Copyright law grants the creator of a new work of expression certain exclusive rights.  Literature, photography, sculpture, and music are all types of artistic expression protected by copyright law.  A copyright grants its owner the exclusive right to reproduce, distribute, display, perform, transmit and create derivative works based on the original. If someone other than the copyright owner exercises one of these exclusive rights that can be considered copyright infringement.  A copyright owner can stop copyright infringement by filing a lawsuit which requests an injunction and get monetary damages for copyright infringement which has occurred.
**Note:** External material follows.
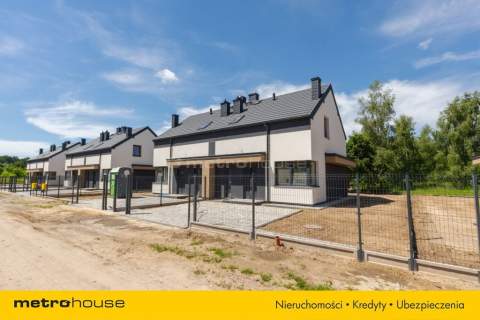 Bez Czynszu Nowy dom 96m nad Zalewem Zegrzyńskim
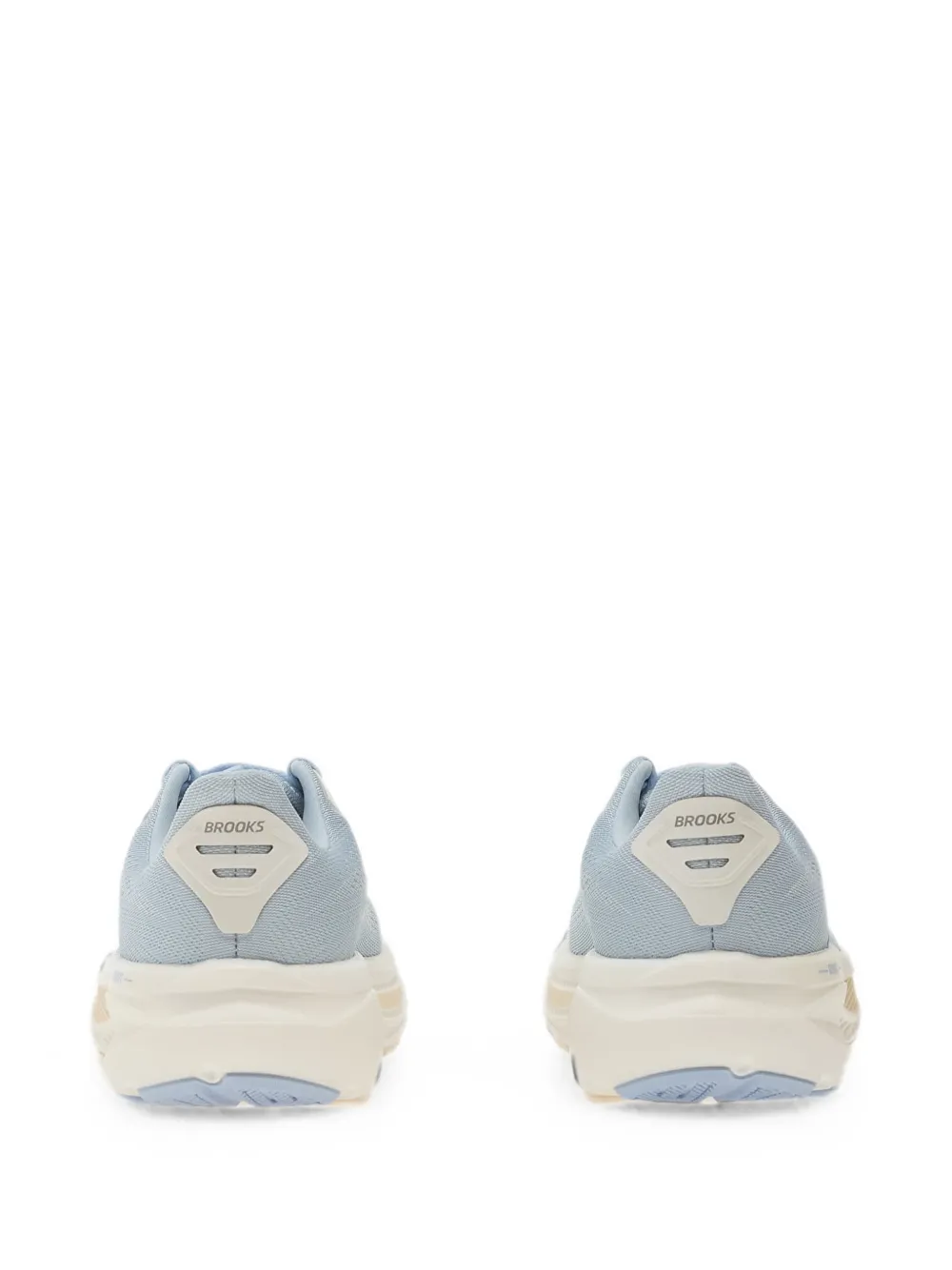 BROOKS Ghost 17 mesh sneakers Blauw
A copyright owner is granted broad rights however, there are some limits to the control a copyright owner can exert over their works. Copyright is intended to give artists the ability to make a living off their hard work, but many artists are inspired by the work of their predecessors.  To balance the rights of a copyright holder with the rights of other artists that might be inspired by a copyrighted work, copyright law allows a certain amount of borrowing.  The general name for this allowed borrowing is called fair use.  A fair use is any copying of copyrighted material done for a limited and “transformative” purpose, such as to comment upon, criticize, or parody a copyrighted work.  Fair use is a defense to copyright infringement, which means that the use of the copyrighted work does not actually constitute copyright infringement.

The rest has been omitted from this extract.